During the press conference after Nigeria had beaten Ivory Coast in the African Cup of Nations quarter-final in February, Mark Gleeson—the doyen of South African football journalism—raised his hand to ask a question.
Stephen Keshi, Nigeria’s coach, saw him and recognised a figure who has dominated reporting on the African game for a couple of decades. "Big man," he beamed (Gleeson is 6’9”). “I haven’t seen you in ages. Where have you been?”
"I’ve been covering the big boys," Gleeson replied, at which Keshi, as he is prone to do, tossed back his head and laughed. He knew, as did the rest of the room, that there was a truth in the joke. Nigeria had not even qualified for the Cup of Nations in 2012 and, although they have been regular semi-finalists over the past decade, they hadn’t really looked like potential winners since 2004.
By beating the favourites, though, and beating them convincingly, Nigeria had rejoined the elite. They went on to crush Mali in the semi-final before beating Burkina Faso to win their first Cup of Nations since 1994. There was no doubt that the key figure had been Keshi.

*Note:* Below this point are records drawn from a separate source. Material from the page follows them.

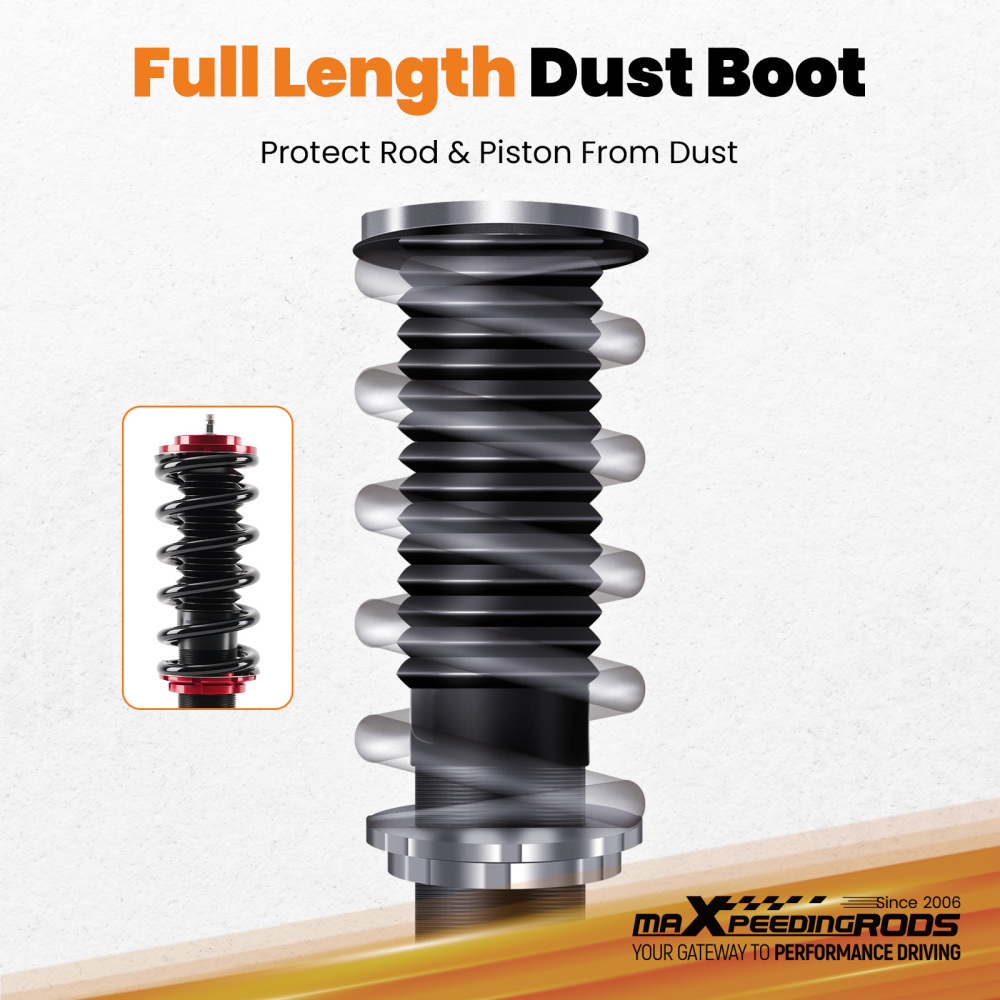 Coilovers Set compatible for Holden Commodore Ve Ute Sedan Wagon 24 Ways Adjustable Damper Lowering Kit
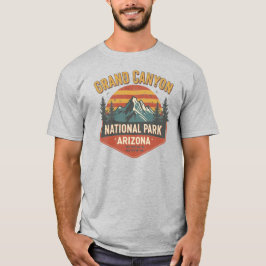 Camiseta Parque Nacional do Grand Canyon Pôr do Sol Vintage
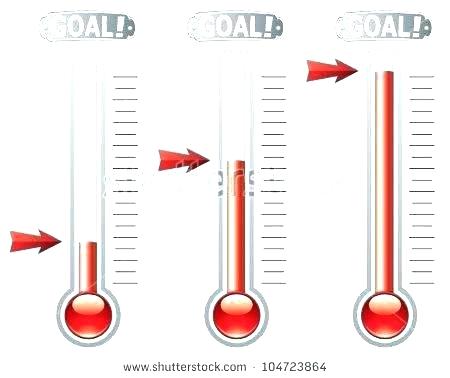 450x378 Sales Thermometer Template Blank Tracking Fundraising Goal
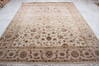 Jaipur Beige Hand Knotted 80 X 101  Area Rug 905-119753 Thumb 1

Keshi’s greatest strength is probably his thick skin, his ability to keep crashing on despite all the ludicrous politicking that surrounds the job. He went seven months this year without being paid and, despite repeated promises, he has still not been fully paid what he was owed.
Immediately after the final, he threatened to resign—as per Sports Illustrated—because of plotting against him within the Nigerian Football Federation. Being Nigeria manager is an impossible job. Yet with the media, he has remained tough and good-natured, ready to fight but ready to laugh. It’s little wonder that his players seemingly find him such a source of strength.
Keshi’s charisma and clear force of personality, though, can obscure the fact that he is also a very fine tactician. Many previous Nigeria coaches have had far better squads to work with, but it is Keshi who has achieved the multiplicative effect that Arrigo Sacchi identified as key to the great tacticians: His team’s whole is greater than the sum of its parts.
To an extent that is a result of Keshi’s single-mindedness. The Nigerian press is a vociferous beast, its various factions constantly pressing the case of their own darlings. Keshi, though, has ignored them all. He wants players who are loyal and who do what he tells them, even if that meant doing what would have been unthinkable to many of his predecessors and calling up players from the Nigerian league. He is also quite prepared to kill games, even if Nigerian fans demand entertainment: He knows victory will validate any approach.
That quarter-final victory over Ivory Coast was a case in point. Ivory Coast have, over the years, gotten used to opponents sitting deep against them, trying to absorb pressure and strike on the counter-attack. Nigeria did the exact opposite. The two full-backs, Efe Ambrose and Elderson Echiejile, pushed high up the pitch, forcing Gervinho and Salomon Kalou to defend, something at which neither excels.
Ambrose, in particular, got forward to overlap, allowing Emmanuel Emenike to cut infield, a centre-forward operating from the right and making the most of the space created by the runs of the notional centre-forward Brown Ideye. In the centre, meanwhile, Mikel John Obi played as the more attacking of the two holders, repeatedly surging forwards and so forcing Yaya Toure to defend.
Keshi’s gamble was to make all three of Ivory Coast’s most creative players drop deep, and the result was that Didier Drogba was left isolated, dealing with a miserable diet of hopeful long punts.
Goals from Emenike and the central creator Sunday Mba gave Nigeria a thoroughly deserved 2-1 win, one that had its roots in Keshi’s tactical approach. He has made the impossible seem at least plausible.
The quotes in this piece were gathered in person by Jonathan Wilson at the African Cup of Nations.